In the entries below, find the line with "Detail shot of" and transcribe it and every line after it exactly, through the last line, without pictures.

(Source material)

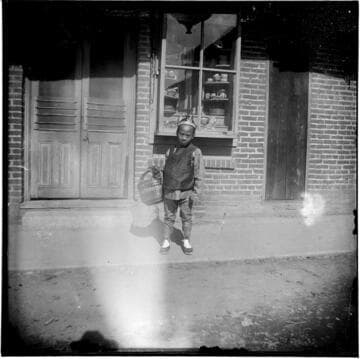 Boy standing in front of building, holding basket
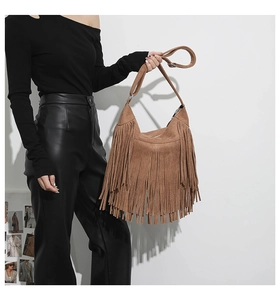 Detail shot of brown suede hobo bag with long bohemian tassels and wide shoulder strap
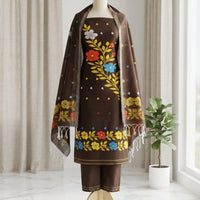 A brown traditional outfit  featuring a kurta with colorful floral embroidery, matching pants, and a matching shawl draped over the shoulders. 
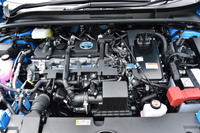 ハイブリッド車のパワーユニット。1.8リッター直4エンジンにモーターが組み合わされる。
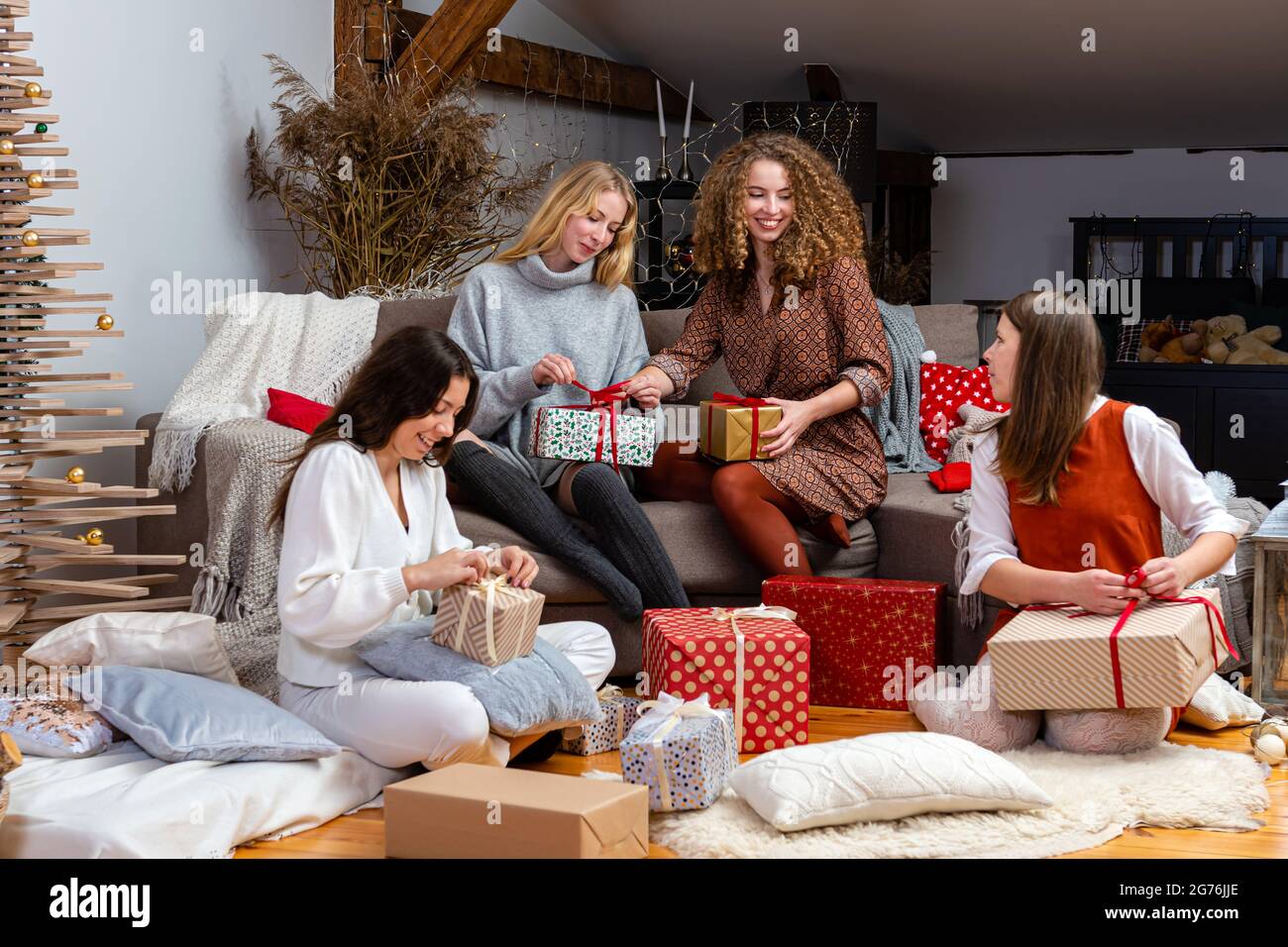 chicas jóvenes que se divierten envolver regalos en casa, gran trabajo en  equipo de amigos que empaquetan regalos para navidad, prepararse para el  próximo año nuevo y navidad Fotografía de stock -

(End Source material)

Final answer:
 Detail shot of brown suede hobo bag with long bohemian tassels and wide shoulder strap
 A brown traditional outfit  featuring a kurta with colorful floral embroidery, matching pants, and a matching shawl draped over the shoulders. 
 ハイブリッド車のパワーユニット。1.8リッター直4エンジンにモーターが組み合わされる。
 chicas jóvenes que se divierten envolver regalos en casa, gran trabajo en  equipo de amigos que empaquetan regalos para navidad, prepararse para el  próximo año nuevo y navidad Fotografía de stock -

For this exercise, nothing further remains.